If you ask any chef that cooks at a high level what their dream is, that dream is to work in a little 25-seat restaurant like Maude. That’s what chef Curtis Stone and many other chefs have dreamt about all their lives. Because they don’t have to do three hundred covers, chefs can really focus in on the ingredients and the detail doing only 50 or so covers a night especially with a prix fixe menu. Due in large part to this format, Chef Curtis Stone has been able to attract a number of talented chefs to work with him in his kitchen.
Stone’s team includes chefs Gareth Evans and Brandon Difiglio. Gareth, an English lad, worked with another Marco Pierre White alum, Chef Gordon Ramsay for several years, as well as Thomas Keller at Per Se, and with Joel Robuchan in Paris.

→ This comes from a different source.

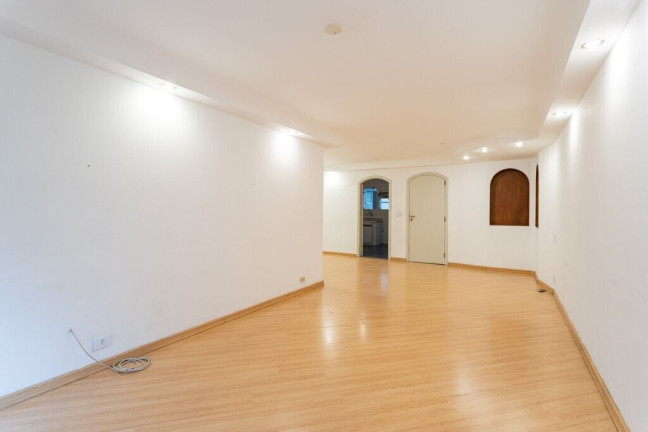 Imagem Apartamento com 3 Quartos à Venda, 119 m² em Itaim Bibi - São Paulo Imagem Apartamento com 3 Quartos à Venda, 119 m² em Itaim Bibi - São Paulo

Brandon, in addition to spending a year at elBulli, also worked with Thomas Keller at The French Laundry. Curtis met Brandon when Brandon was working at Vue de Monde a restaurant ran by Curtis’s grammar school classmate chef Shannon Bennett in Melbourne, Australia, which has been ranked as one of the top one hundred restaurants in the world for several years. Additionally Chef Josh Emett, who was Garett’s chef de cuisine at Ramsay’s The London in NYC, and Curtis were good friends so when Curtis was putting together his team Josh brought Gareth’s name up and made an introduction.
Curtis, Gareth and Brandon champion the menu development. Some of the other chefs participate as well, including Pastry Chef Vanessa Garcia. For example, Gareth came up with the idea for the, “Terrine” which is quite a refined take on a terrine. The pain perdu was Curtis’s idea which was developed further before Curtis suggested incorporating the citrus element – adding a tangerine gelee over the top of the terrine. Next, Brandon started a discussion about what’s the best thing to eat with a terrine – and mustard became a topic of conversation . They decided it would be nice to add a condiment with a different texture and temperature and this is when Brandon came up with the idea to do the mustard ice cream. So Curtis, Brandon and Gareth collaboratively devise each menu item, together as a team.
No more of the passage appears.